Work item
If an entry below holds a picture, skip the picture and copy everything else exactly.

Listed entries
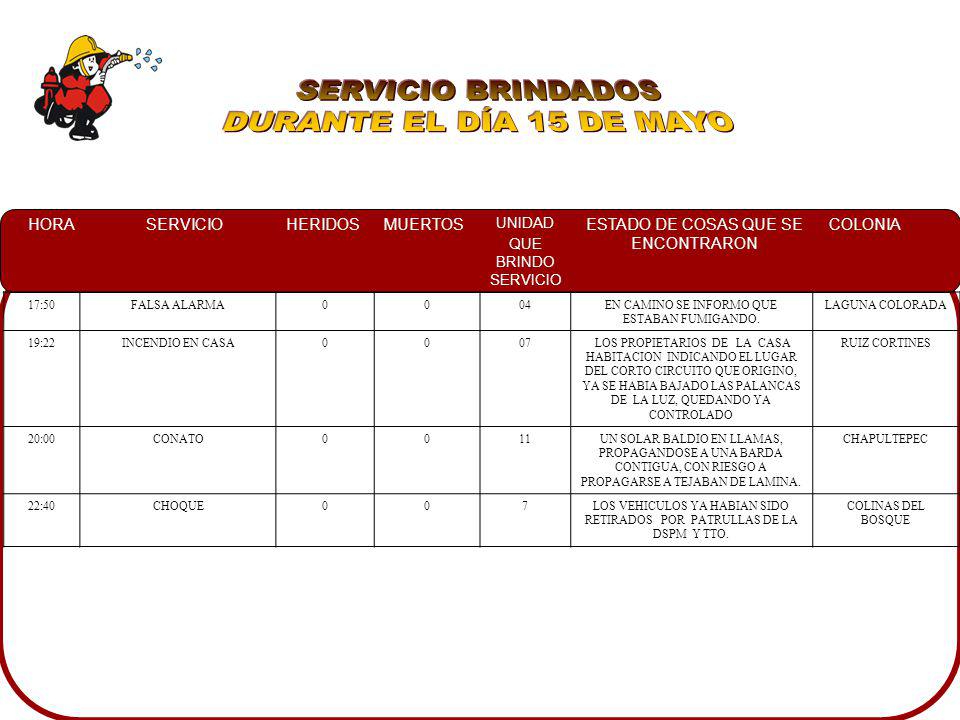 SERVICIO BRINDADOS DURANTE EL DÍA 15 DE MAYO 17:50 FALSA ALARMA 04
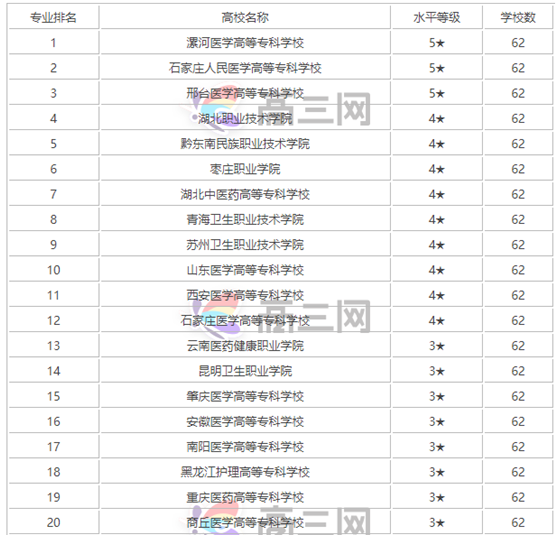 牙医学校专科学校有哪些排名一览,牙医专科学校的费用需要多少钱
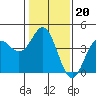 Elkhorn Slough tide chart for Tuesday, January 20, 2026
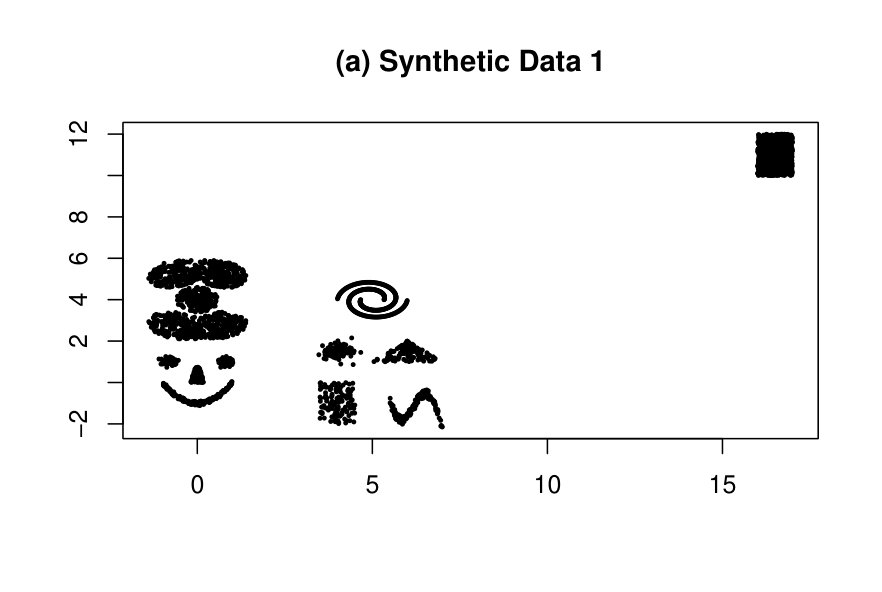 Figure 34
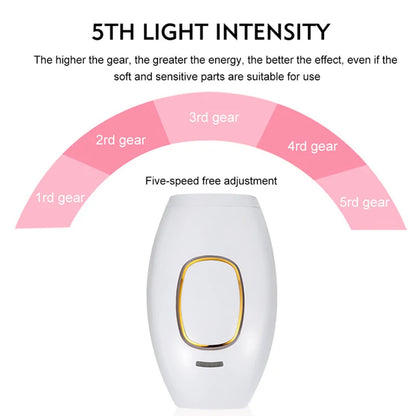 Professional IPL Hair Removal Handset for Home Use - Permanent Laser Depilator for Women and Men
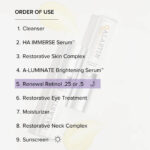Renewal Retinol (0.25)
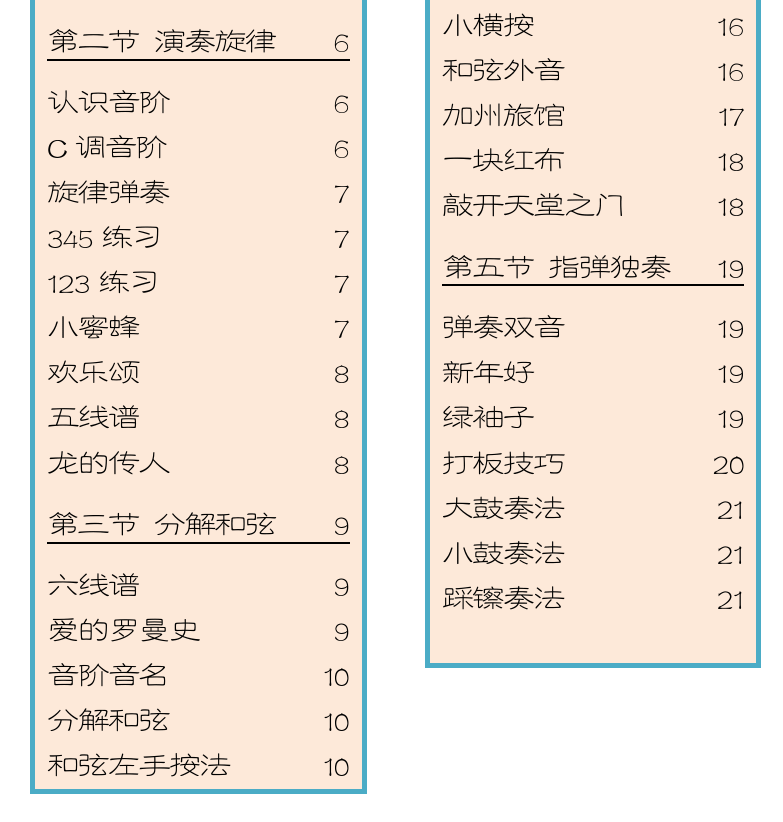 吉他入门超简教程 第1页  [右下]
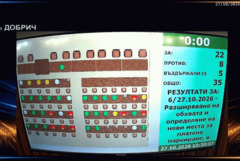 Общинският съвет гласува разширяването на обхвата на Синята зона в центъра на Добрич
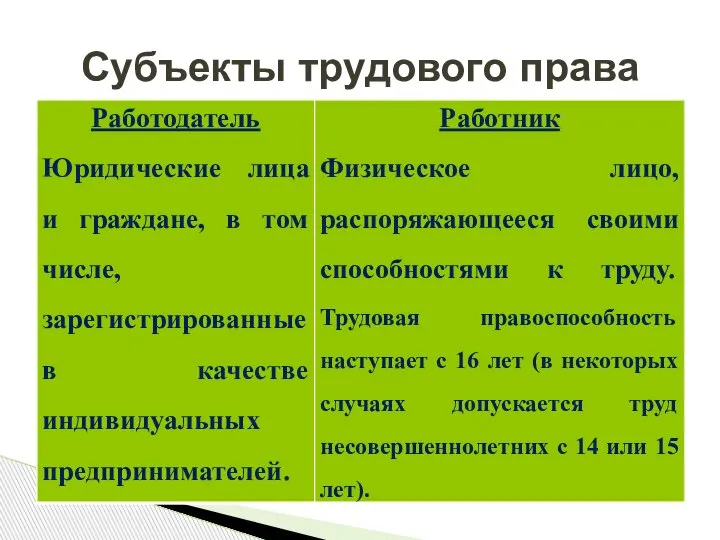 Субъекты трудового права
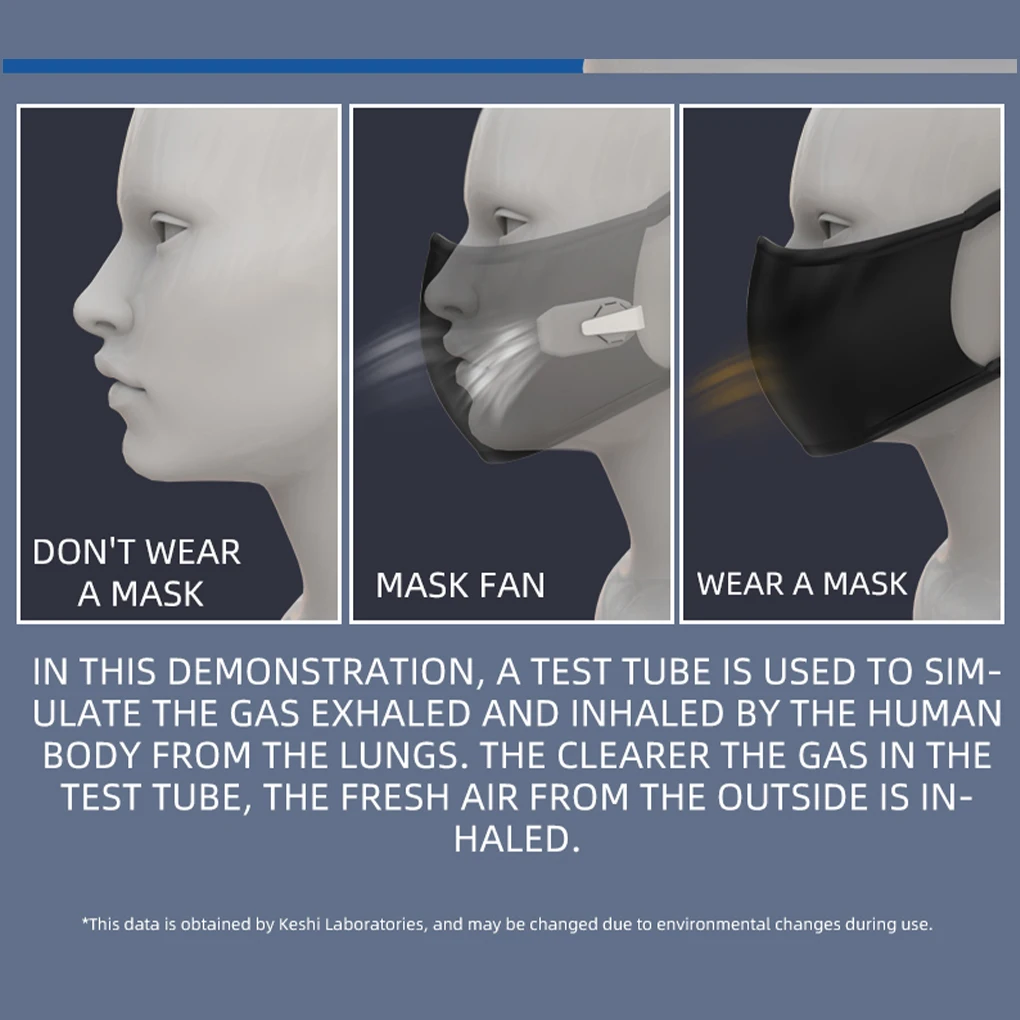 

Newest Reusable Portable Fan For Face Mask Clip-On Air Filter USB Rechargeable Exhaust Mini Fans Personal Wearable Air Purifiers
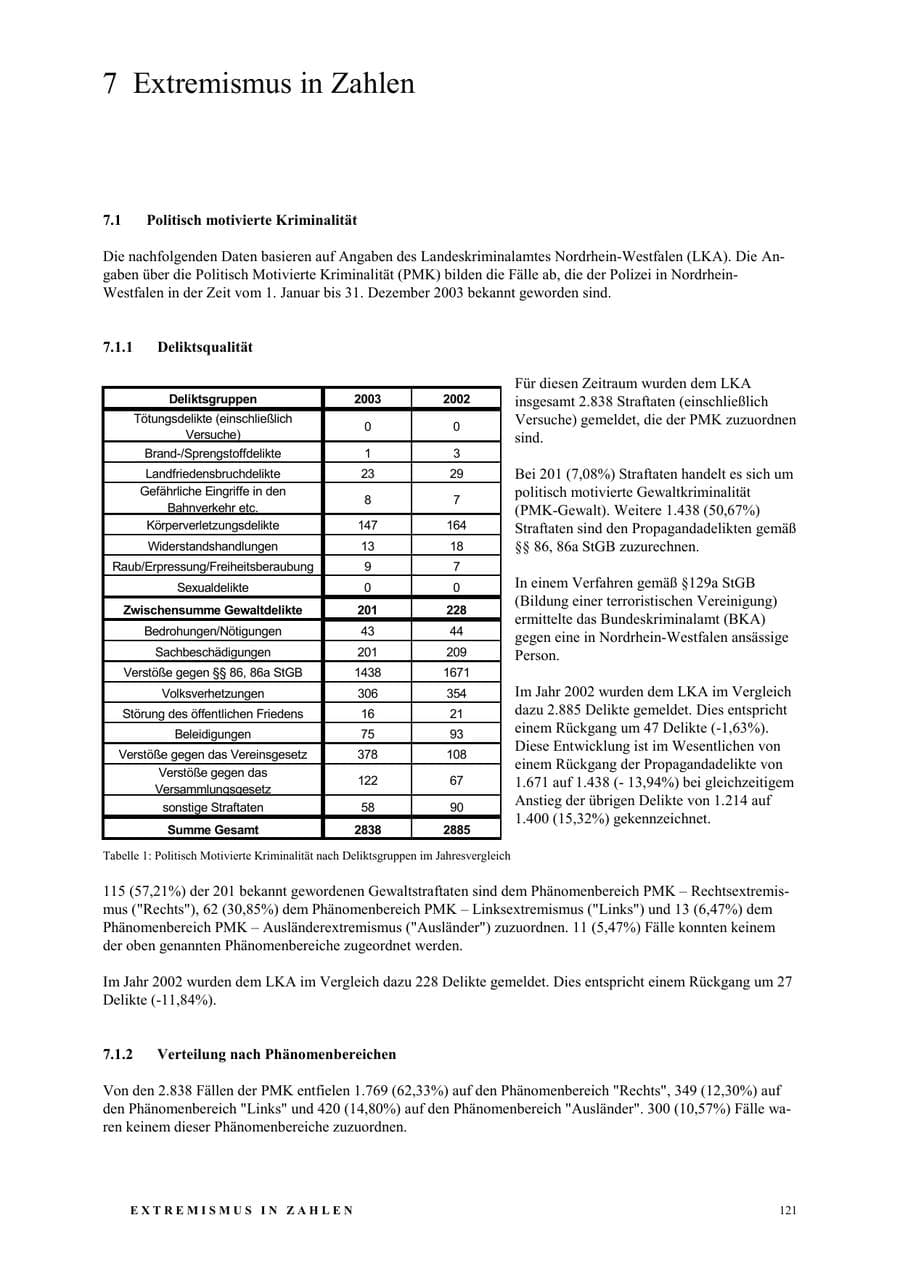 Seite 127 des Verfassungsschutzbericht 2003 Nordrhein-Westfalen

Exercise output
 SERVICIO BRINDADOS DURANTE EL DÍA 15 DE MAYO 17:50 FALSA ALARMA 04
 牙医学校专科学校有哪些排名一览,牙医专科学校的费用需要多少钱
 Elkhorn Slough tide chart for Tuesday, January 20, 2026
 Figure 34
 Professional IPL Hair Removal Handset for Home Use - Permanent Laser Depilator for Women and Men
Renewal Retinol (0.25)
 吉他入门超简教程 第1页  [右下]
 Общинският съвет гласува разширяването на обхвата на Синята зона в центъра на Добрич
 Субъекты трудового права

Newest Reusable Portable Fan For Face Mask Clip-On Air Filter USB Rechargeable Exhaust Mini Fans Personal Wearable Air Purifiers
 Seite 127 des Verfassungsschutzbericht 2003 Nordrhein-Westfalen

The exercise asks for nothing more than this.